XML - System.Xml.XmlException - 十六进制值 0x06
XML - System.Xml.XmlException - hexadecimal value 0x06
我收到这个错误。后来查了下我的XML里面出现非法字符的原因和解决办法。但我无权编辑这些文件中的任何一个。我的工作是读取和获取标签值、属性值和类似的东西。所以我不能用像'\x01'这样的转义符替换二进制字符和。我还尝试在 XML 阅读器设置中包含 CheckCharacters =false。它不需要这个。它仍然抛出相同的错误。

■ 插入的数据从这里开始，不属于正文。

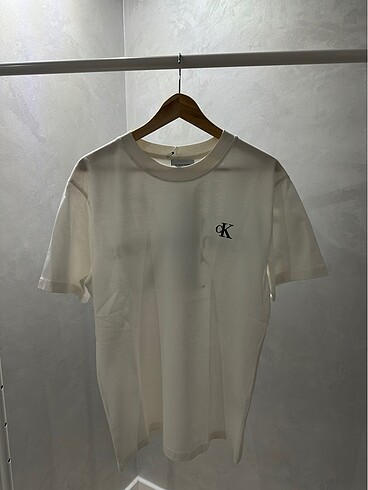 Calvin Klein T shirt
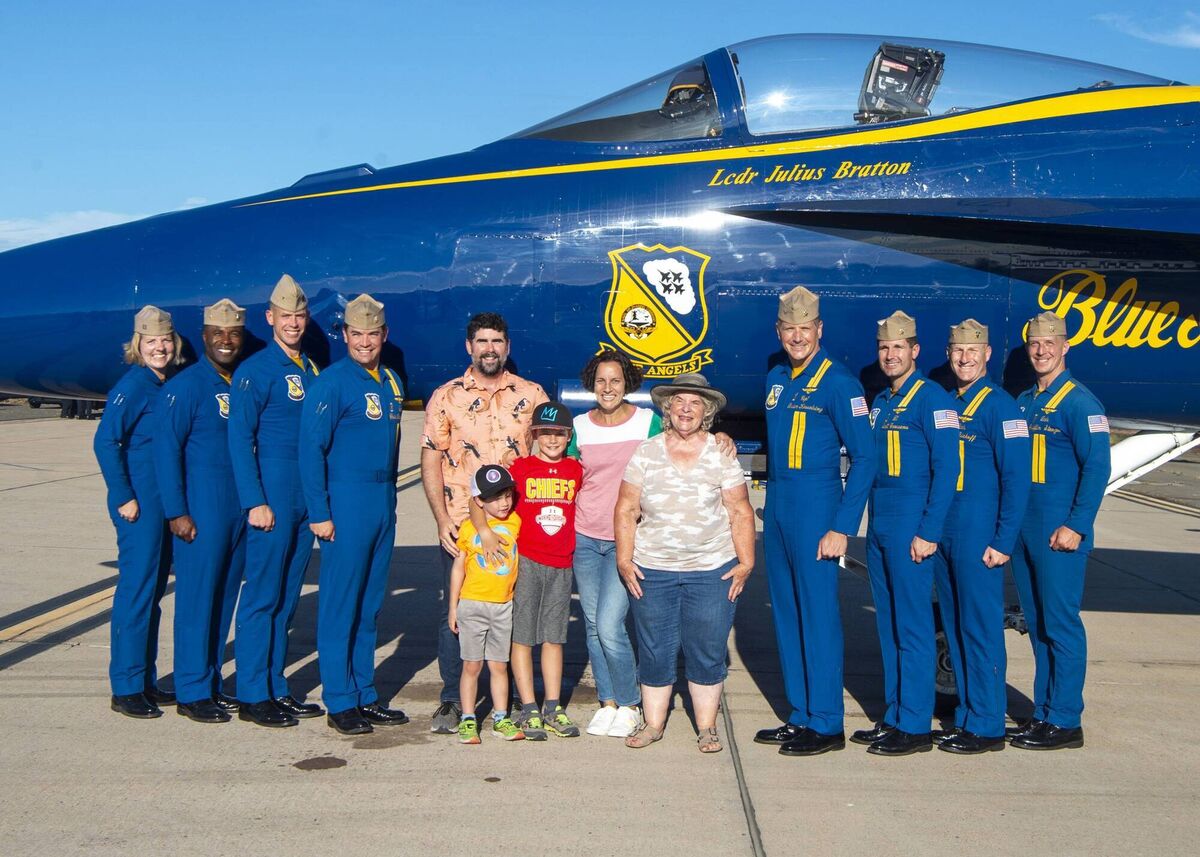 Máirtín de Cógáin and family.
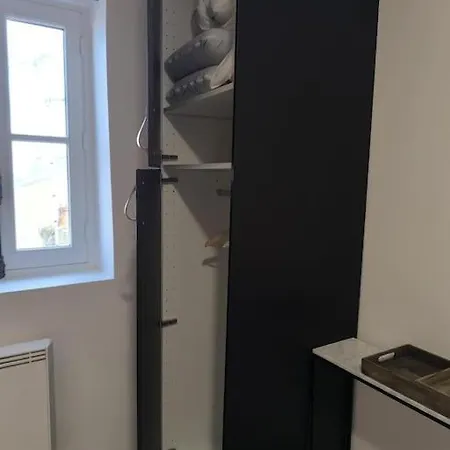 2 Pieces Perle Sur La Place Morny Refait A Neuf Appartement Deauville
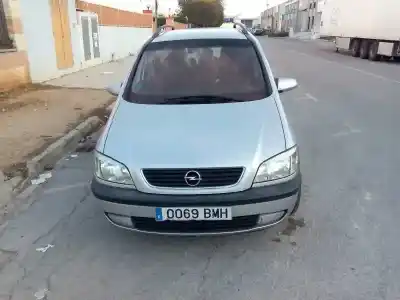 Veicolo di demolizione OPEL ZAFIRA A Blue Line dell'anno 2001 alimentato Y20DTH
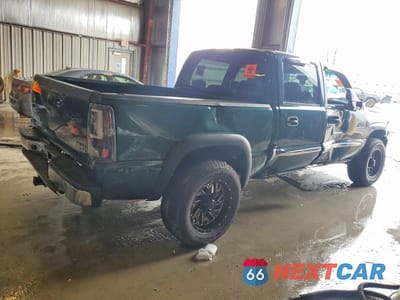 Trzecie zdjęcie samochodu z tyłu: 2006 GMC NEW SIERRA K1500 VIN:2GTEK13T061214267 - miniatura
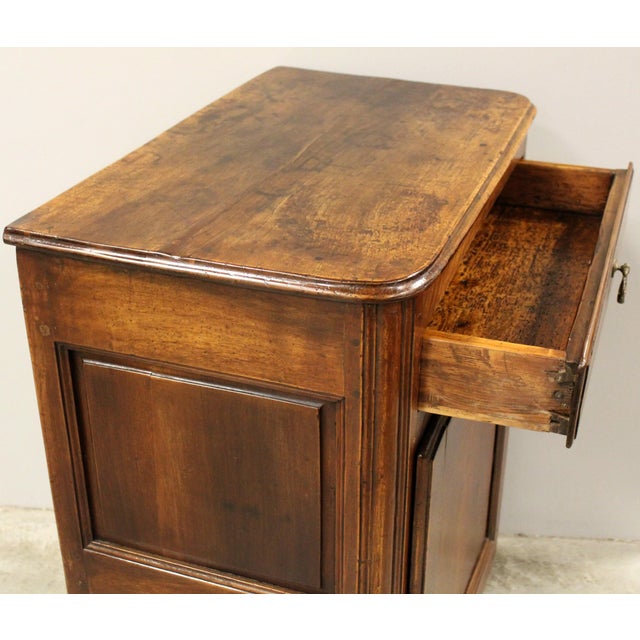 Antique Louis XV Buffet in Walnut, 1700s For Sale - Image 9 of 16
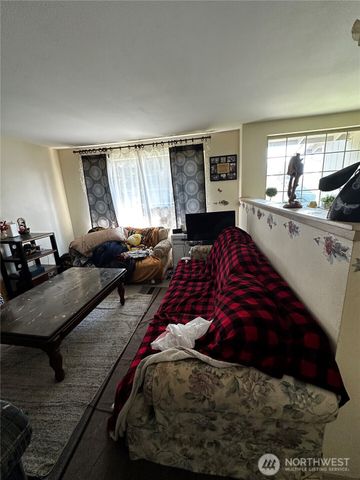 7421 114th Street E, Puyallup, WA 98373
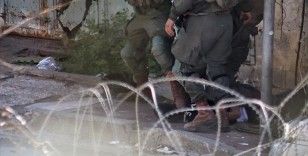 İsrail ordusunun alıkoyduğu gazeteci, Filistinlilerin maruz kaldığı işkenceyi anlattı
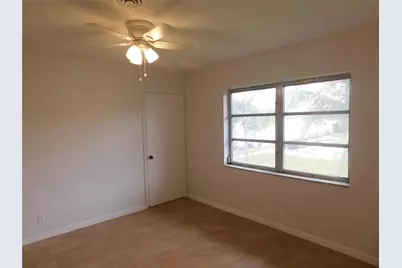 960 Crystal Lake Drive, Pompano Beach, FL 33064 - Photo 22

无法在XML阅读器中修复吗?我阅读了 XMLtextReader。它可以跳过异常。但我已经使用 XMLreader 为我的所有功能编写了代码。如果我能为此找到解决方案,那就太好了。否则我将不得不更改我的所有代码。
我的代码:
private void button1_Click(object sender, EventArgs e)
{
int i = 0;
var filenames = System.IO.Directory
.EnumerateFiles(textBox1.Text, "*.xml", System.IO.SearchOption.AllDirectories)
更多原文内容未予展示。